THE DATA: Begin
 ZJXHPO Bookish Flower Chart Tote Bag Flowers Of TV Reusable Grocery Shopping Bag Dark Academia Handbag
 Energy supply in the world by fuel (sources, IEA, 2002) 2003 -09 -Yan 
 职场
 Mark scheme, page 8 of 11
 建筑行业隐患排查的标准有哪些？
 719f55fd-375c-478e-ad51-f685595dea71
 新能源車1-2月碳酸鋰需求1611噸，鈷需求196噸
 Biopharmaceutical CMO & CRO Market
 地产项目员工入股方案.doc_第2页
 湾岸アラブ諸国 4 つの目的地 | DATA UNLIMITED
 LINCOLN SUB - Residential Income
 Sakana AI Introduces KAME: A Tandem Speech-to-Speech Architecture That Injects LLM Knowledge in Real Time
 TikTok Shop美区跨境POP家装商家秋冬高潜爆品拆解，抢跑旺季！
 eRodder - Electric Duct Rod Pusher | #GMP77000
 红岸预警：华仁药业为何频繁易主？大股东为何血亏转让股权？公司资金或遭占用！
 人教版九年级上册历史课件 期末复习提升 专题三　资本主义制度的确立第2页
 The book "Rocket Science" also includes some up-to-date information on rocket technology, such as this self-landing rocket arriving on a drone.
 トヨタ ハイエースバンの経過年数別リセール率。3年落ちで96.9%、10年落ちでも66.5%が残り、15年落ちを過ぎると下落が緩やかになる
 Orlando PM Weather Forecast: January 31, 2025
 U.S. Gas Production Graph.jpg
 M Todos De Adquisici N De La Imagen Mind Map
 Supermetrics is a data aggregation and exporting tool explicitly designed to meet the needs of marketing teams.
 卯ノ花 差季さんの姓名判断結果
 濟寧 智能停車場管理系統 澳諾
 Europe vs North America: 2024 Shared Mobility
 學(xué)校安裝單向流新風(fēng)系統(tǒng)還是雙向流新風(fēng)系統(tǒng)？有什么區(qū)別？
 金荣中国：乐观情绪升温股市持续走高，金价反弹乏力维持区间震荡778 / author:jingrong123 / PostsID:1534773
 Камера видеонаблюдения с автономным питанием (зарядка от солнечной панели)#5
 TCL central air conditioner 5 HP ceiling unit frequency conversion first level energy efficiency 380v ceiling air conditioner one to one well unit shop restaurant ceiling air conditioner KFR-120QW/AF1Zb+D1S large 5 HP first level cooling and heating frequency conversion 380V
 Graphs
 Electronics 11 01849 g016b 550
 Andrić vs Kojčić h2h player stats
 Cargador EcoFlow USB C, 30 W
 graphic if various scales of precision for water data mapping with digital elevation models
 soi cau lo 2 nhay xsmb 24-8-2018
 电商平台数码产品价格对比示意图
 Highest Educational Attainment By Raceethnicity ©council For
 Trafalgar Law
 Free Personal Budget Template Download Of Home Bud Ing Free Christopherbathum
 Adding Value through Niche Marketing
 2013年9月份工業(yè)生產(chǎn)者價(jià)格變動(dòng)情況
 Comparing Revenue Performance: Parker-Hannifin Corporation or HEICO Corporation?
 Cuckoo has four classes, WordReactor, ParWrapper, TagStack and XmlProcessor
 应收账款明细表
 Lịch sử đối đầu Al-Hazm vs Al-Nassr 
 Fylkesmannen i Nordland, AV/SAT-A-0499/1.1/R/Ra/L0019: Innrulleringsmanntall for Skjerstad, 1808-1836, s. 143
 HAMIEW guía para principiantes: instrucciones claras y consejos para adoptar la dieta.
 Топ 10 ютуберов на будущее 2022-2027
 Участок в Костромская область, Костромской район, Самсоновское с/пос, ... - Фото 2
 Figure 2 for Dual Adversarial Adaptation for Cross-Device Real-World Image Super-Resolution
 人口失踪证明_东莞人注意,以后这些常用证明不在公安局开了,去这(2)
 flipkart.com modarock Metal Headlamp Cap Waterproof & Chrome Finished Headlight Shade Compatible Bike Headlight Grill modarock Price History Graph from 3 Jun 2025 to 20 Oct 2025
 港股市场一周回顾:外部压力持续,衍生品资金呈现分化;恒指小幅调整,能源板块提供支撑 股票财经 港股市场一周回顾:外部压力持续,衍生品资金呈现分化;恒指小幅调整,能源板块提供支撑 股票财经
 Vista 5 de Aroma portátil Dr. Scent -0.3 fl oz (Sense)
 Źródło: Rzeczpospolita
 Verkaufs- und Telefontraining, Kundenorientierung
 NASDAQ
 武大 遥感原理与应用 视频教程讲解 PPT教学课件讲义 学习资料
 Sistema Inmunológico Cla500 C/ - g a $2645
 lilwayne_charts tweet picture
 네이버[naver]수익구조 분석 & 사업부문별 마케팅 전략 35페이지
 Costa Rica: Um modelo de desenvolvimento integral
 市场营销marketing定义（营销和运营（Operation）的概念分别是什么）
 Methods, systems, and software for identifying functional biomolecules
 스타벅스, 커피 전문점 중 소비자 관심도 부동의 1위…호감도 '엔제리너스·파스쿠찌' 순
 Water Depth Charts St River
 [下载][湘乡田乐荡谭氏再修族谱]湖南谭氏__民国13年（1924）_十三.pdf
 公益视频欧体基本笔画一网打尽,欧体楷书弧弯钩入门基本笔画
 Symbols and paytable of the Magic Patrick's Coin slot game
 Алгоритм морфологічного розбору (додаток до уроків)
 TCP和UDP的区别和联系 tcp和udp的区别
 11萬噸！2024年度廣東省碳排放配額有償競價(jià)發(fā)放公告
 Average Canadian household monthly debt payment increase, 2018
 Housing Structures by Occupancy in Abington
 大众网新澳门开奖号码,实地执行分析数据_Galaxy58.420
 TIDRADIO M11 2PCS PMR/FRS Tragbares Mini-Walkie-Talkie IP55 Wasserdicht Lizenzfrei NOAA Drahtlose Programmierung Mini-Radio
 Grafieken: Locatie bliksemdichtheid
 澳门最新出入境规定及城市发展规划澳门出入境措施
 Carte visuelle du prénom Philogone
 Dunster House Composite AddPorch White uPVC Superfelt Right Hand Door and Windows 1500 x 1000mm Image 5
THE DATA: End
TO DO: Repeat the entries above verbatim, but only from the line that has "Symbols and paytable" down to the line that has "TIDRADIO M11 2PCS", inclusive.

EXERCISE SOLUTION:
 Symbols and paytable of the Magic Patrick's Coin slot game
 Алгоритм морфологічного розбору (додаток до уроків)
 TCP和UDP的区别和联系 tcp和udp的区别
 11萬噸！2024年度廣東省碳排放配額有償競價(jià)發(fā)放公告
 Average Canadian household monthly debt payment increase, 2018
 Housing Structures by Occupancy in Abington
 大众网新澳门开奖号码,实地执行分析数据_Galaxy58.420
 TIDRADIO M11 2PCS PMR/FRS Tragbares Mini-Walkie-Talkie IP55 Wasserdicht Lizenzfrei NOAA Drahtlose Programmierung Mini-Radio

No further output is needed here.